Founded by the artist Christian Dotremont after the Second World War, Surréalisme révolutionaire (Revolutionary Surrealism), sought to reinvent Surrealism by merging revolutionary politics and art. Members of this group went on to be involved in CoBrA and the Situationist International.
Surrealisme Revolutionnaire Collection, 1943-49
Surrealisme Revolutionnaire Collection, 1943-49, drawn from the private collections of Noël Arnaud and Marcel Marië. Features corrrespondence, manuscripts, printed materials, artwork, meeting minutes, tracts, lectures, drawings, and other records documenting the efforts of artists and writers in Belgium, France, Denmark, and Czechoslovakia to reinvigorate the Surréalisme révolutionnaire movement of the late 1940s. The bulk of the material in the collection represents work by individuals affiliated with the Groupe surréaliste-révolutionnaire de Belgique and Groupe surréaliste-révolutionnaire en France, including Yves Battistini, Paul Bourgoignie, Christian Dotremont, Edouard Jaguer, Asger Jorn, René Magritte, and René Passeron. Printed materials include posters, clippings, and issues of the journals Les deux sours, founded by Christian Dotremont, and Le surrealisme révolutionnaire, published by the Bureau international du surréalisme révolutionnaire. Works of art include original drawings by Noël Arnaud and black-and-white photographs by Marc Vaux and Studio Yves Hervochon of artwork by Francis Bott, Jacques Doucet, Henri Goetz, Josef Istler, and Pierre Soulages.
Bulletin international du surréalisme révolutionnaire, 1948, Brussels, two copies; includes article on Danish surrealism.
Le surréalisme révolutionnaire, 1948, poster advertising the eponymous periodical.
Le surréalisme révolutionnaire, 1948/2008, facsimile reproduction of two issues of the journal.

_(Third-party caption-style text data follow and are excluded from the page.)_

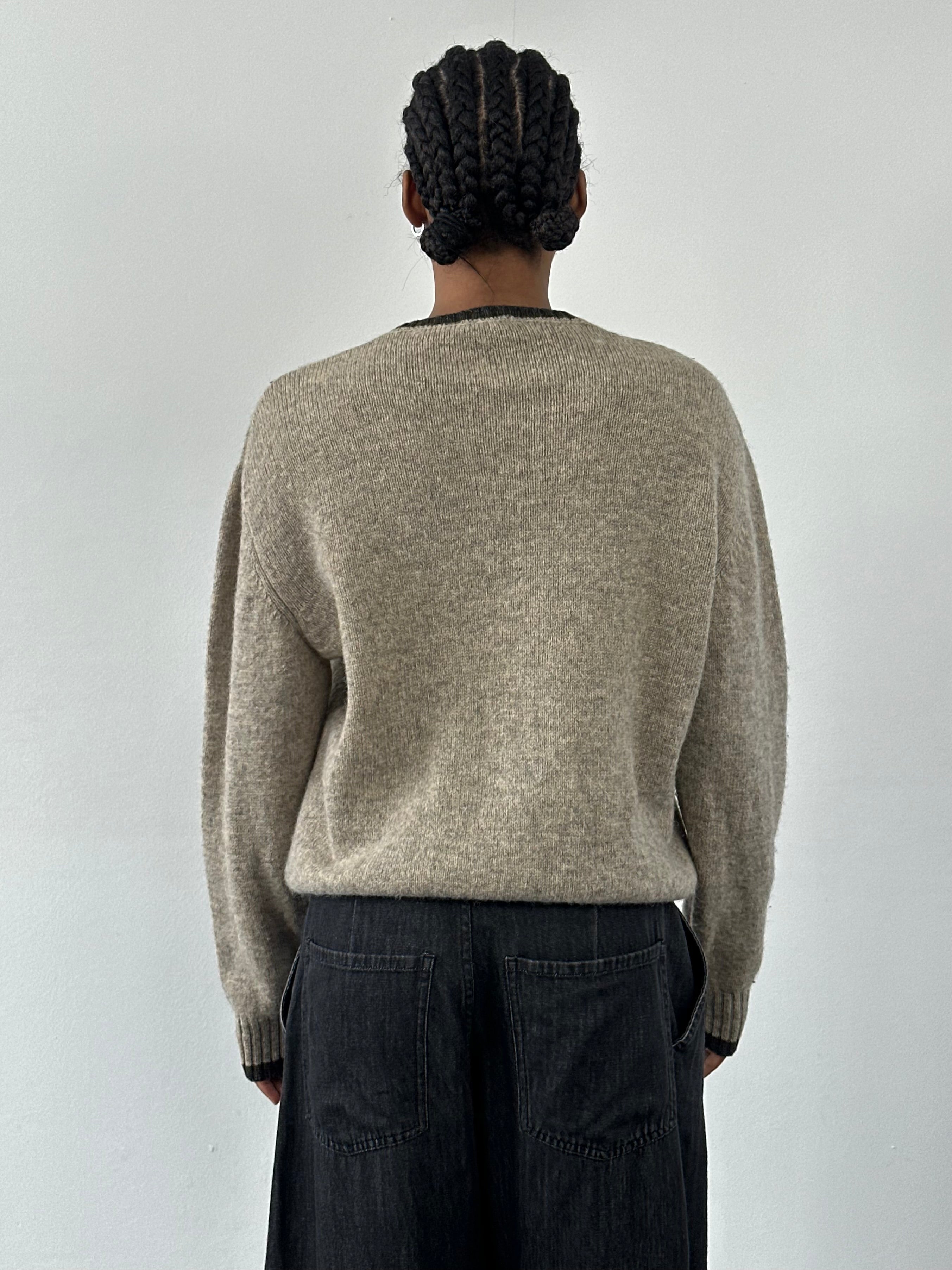 Burberry London 2000s merino wool V-neck knitted jumper in size M/L, featuring classic design and soft wool texture.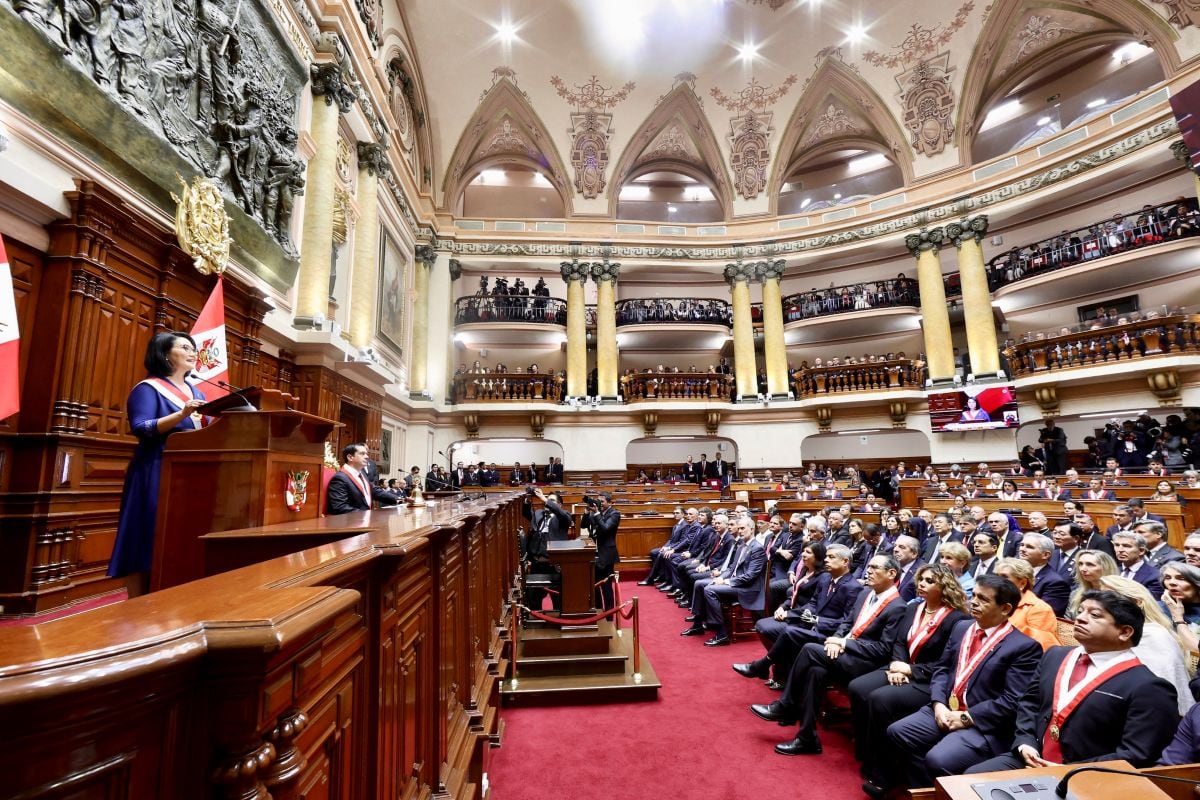 La presidenta Keiko Fujimori dio su discurso frente a altas autoridades. Foto: Presidencia.
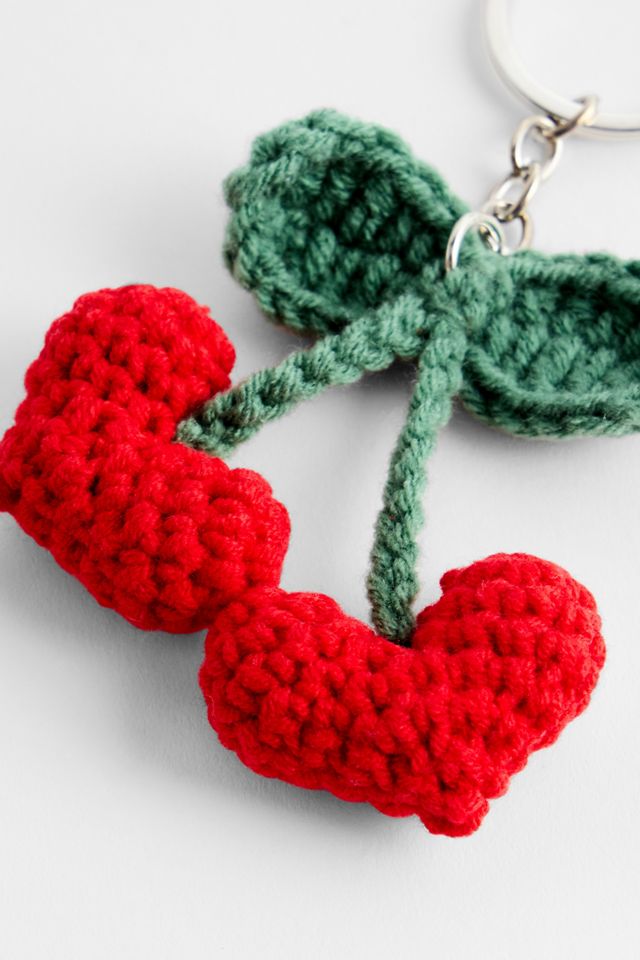 UO Gestrickter Kirsch-Herz Schlüsselanhänger #2
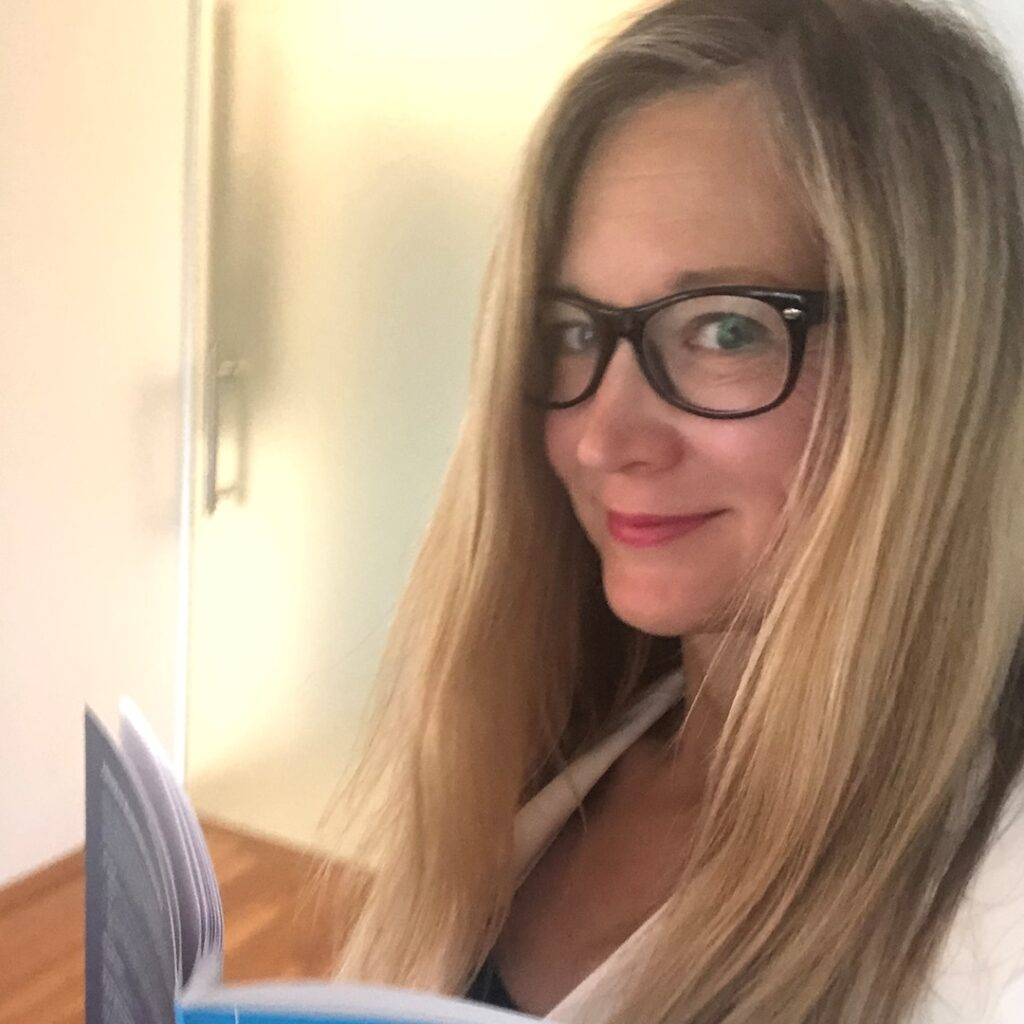 Porträtfoto von Prof. Dr. Miriam Landes, Geschäftsführerin des UVM-Instituts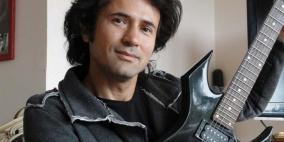 شيخ تركي يغني "الروك" بإذن من السلطات الدينية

The year 1947 marked a period of national unity and political liberalism in the French Community Party. While Jean-Paul Sartre challenged Surrealism from a pro-Marxist perspective, a group of artists emerged who claimed to be at the forefront of Surrealism but who were also members of the French Community Party. The Revolutionary Surrealist group, headed by Christian Dotremont, was formed on May 17, 1947, in Brussels. Other inaugural members included Paul Bourgignie, Achille Chavóe, Marcel Havrenne, René Magritte, Marcel Mariën, Paul Nougé, and Louis Scutenaire. The group continued to espouse the key principals of André Breton's Surrealism, but wanted to join these aesthetic tactics with social and political strategies.

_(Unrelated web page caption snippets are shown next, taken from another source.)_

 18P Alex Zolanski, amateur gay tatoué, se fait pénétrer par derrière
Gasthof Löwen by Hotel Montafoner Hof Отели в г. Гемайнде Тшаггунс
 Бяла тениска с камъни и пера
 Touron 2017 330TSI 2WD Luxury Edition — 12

The International Conference of Revolutionary Surrealism was held in Brussels on October 29, 1947. Asger Jorn participated in the precedings, and became involved with the group. Within a year, however, the Revolutionary Surrealists made contact with the Dutch Experimental Group, based in Amsterdam, which was comprised of Karel Appel, Guillaume Corneille, and Constant and Jan Niewenhuys. On November 8, 1948, members of the two groups, including Karel Appel, Corneille, Dotremont, Jorn, Constant, and Joseph Noiret, met in Paris and signed a declaration titled "Cause était entendue" (The Case is Closed), giving birth to CoBrA.